Source records
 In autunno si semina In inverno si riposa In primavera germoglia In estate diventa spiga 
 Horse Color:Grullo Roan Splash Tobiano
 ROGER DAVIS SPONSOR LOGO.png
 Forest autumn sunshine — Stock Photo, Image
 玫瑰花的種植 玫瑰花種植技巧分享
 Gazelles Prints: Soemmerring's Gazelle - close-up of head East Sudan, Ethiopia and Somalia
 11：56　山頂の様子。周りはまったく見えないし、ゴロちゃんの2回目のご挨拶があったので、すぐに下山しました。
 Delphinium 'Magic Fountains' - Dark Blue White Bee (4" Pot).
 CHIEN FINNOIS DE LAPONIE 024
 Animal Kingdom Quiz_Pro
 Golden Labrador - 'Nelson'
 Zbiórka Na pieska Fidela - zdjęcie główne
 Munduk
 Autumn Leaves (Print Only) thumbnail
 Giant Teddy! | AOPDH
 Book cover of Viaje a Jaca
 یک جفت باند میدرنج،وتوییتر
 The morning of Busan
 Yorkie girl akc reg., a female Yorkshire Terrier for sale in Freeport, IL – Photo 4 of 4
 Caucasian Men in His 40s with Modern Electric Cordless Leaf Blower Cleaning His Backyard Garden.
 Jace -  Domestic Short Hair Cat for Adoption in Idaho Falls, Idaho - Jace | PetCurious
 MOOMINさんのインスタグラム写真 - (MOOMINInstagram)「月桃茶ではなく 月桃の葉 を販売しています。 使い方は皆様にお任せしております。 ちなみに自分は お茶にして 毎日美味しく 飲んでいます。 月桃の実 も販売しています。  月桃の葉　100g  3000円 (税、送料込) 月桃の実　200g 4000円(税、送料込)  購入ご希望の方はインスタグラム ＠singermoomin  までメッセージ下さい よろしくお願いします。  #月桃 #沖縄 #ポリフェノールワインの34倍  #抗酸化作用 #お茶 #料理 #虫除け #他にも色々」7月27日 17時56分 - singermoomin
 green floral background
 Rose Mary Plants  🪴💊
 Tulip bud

Aim of the exercise
Each line of the material above should be restated word for word.

Response area
 In autunno si semina In inverno si riposa In primavera germoglia In estate diventa spiga 
 Horse Color:Grullo Roan Splash Tobiano
 ROGER DAVIS SPONSOR LOGO.png
 Forest autumn sunshine — Stock Photo, Image
 玫瑰花的種植 玫瑰花種植技巧分享
 Gazelles Prints: Soemmerring's Gazelle - close-up of head East Sudan, Ethiopia and Somalia
 11：56　山頂の様子。周りはまったく見えないし、ゴロちゃんの2回目のご挨拶があったので、すぐに下山しました。
 Delphinium 'Magic Fountains' - Dark Blue White Bee (4" Pot).
 CHIEN FINNOIS DE LAPONIE 024
 Animal Kingdom Quiz_Pro
 Golden Labrador - 'Nelson'
 Zbiórka Na pieska Fidela - zdjęcie główne
 Munduk
 Autumn Leaves (Print Only) thumbnail
 Giant Teddy! | AOPDH
 Book cover of Viaje a Jaca
 یک جفت باند میدرنج،وتوییتر
 The morning of Busan
 Yorkie girl akc reg., a female Yorkshire Terrier for sale in Freeport, IL – Photo 4 of 4
 Caucasian Men in His 40s with Modern Electric Cordless Leaf Blower Cleaning His Backyard Garden.
 Jace -  Domestic Short Hair Cat for Adoption in Idaho Falls, Idaho - Jace | PetCurious
 MOOMINさんのインスタグラム写真 - (MOOMINInstagram)「月桃茶ではなく 月桃の葉 を販売しています。 使い方は皆様にお任せしております。 ちなみに自分は お茶にして 毎日美味しく 飲んでいます。 月桃の実 も販売しています。  月桃の葉　100g  3000円 (税、送料込) 月桃の実　200g 4000円(税、送料込)  購入ご希望の方はインスタグラム ＠singermoomin  までメッセージ下さい よろしくお願いします。  #月桃 #沖縄 #ポリフェノールワインの34倍  #抗酸化作用 #お茶 #料理 #虫除け #他にも色々」7月27日 17時56分 - singermoomin
 green floral background
 Rose Mary Plants  🪴💊
 Tulip bud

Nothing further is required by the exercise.